​We professionals in laboratory medicine agonize over provision of appropriate population-based reference intervals (RI). Good quality RI, in addition to flags on results triggered by their limits, are required by laboratory accreditation bodies and standards such as ISO 15189. And we do know that many clinical users of laboratory results do not necessarily understand the subtleties of what we call RI, partitioned when necessary by age, sex, and other factors, and often use what they tend to term “normal ranges” from a variety of sources as definitive criteria of health or disease. Although the well-known, authoritative guidelines from the Clinical Laboratory Standards Institute (CLSI) and the International Federation of Clinical Chemistry and Laboratory Medicine (IFCC) assist us to develop RI in which we have considerable confidence, there are still a number of major problems with RI, even if partitioned to take significant affecting factors into account.

One of the most important problems is that, for most analyses in laboratory medicine, the within-subject biological variation is less than the between-subject variation. Consequently, individuals have a range of values that span only a part of the RI. They can have important changes in results when these all lie within the RI. We would usually consider such changes as unremarkable, and so would our users: in consequence, important clinical information might be missed. In addition, results can change from inside to outside the RI (and vice versa) without having any clinical importance although we flag all of those outside the RI.

The journal Clinical Chemistry and Laboratory Medicine celebrates its 50th anniversary this year. The first issue contains an article titled: The theory of reference values: an unfinished symphony. This can be downloaded free of charge at www.degruyter.com/view/j/cclm. The many important unanswered questions about RI are discussed in what we think is essential reading for all in laboratory medicine. Alternatives to traditional RI are also discussed. Interestingly, it is stated that, wherever it will apply, individual reference values and reference change values (RCV) have their place.  Individual RI have not been much used and are difficult to construct, but, since by far and away the majority of investigations in laboratory medicine are performed for monitoring rather than diagnosis, we should all be applying RCV much more in our laboratories in the objective assessment of the significance of changes in serial results from individuals.
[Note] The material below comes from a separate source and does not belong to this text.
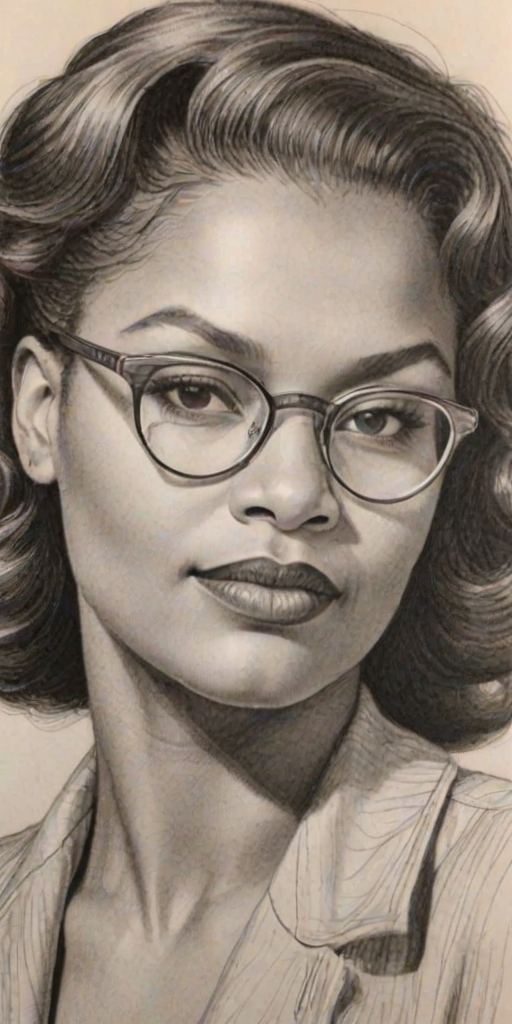 Gorgeous Mo'Nique, pencil sketch, portrait of Captivating woman 1939s in glasses, hair style beatnik, outline, clear lines, fine lines, 8k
The strategies to derive RCV have been very well documented, as described in Clin Chem 2011;57:1635-7: the calculation requires:

  • a decision on the probability that the difference is to be detected and whether this is change (two-tailed) or rise or fall (one-tailed),
  • information on analytical imprecision – which is known by every laboratory for every analysis, and
  • data on within-subject biological variation.

    • It is unrealistic to suggest that laboratories derive their own data on biological variation for every test in the repertoire, and we are fortunate that databases of published values are available, particularly those of Carmen Ricos and colleagues, which are regularly updated at www.westgard.com. However, we should always remember that the values documented are medians of the data found in the publications accepted for inclusion in the derivation of estimates in the database. Moreover, although this database is widely used and cited, as it should be, the data do have a number of important limitations, and the need for a standardized approach to derivation and publication of information on the components of biological variation is becoming increasingly recognised.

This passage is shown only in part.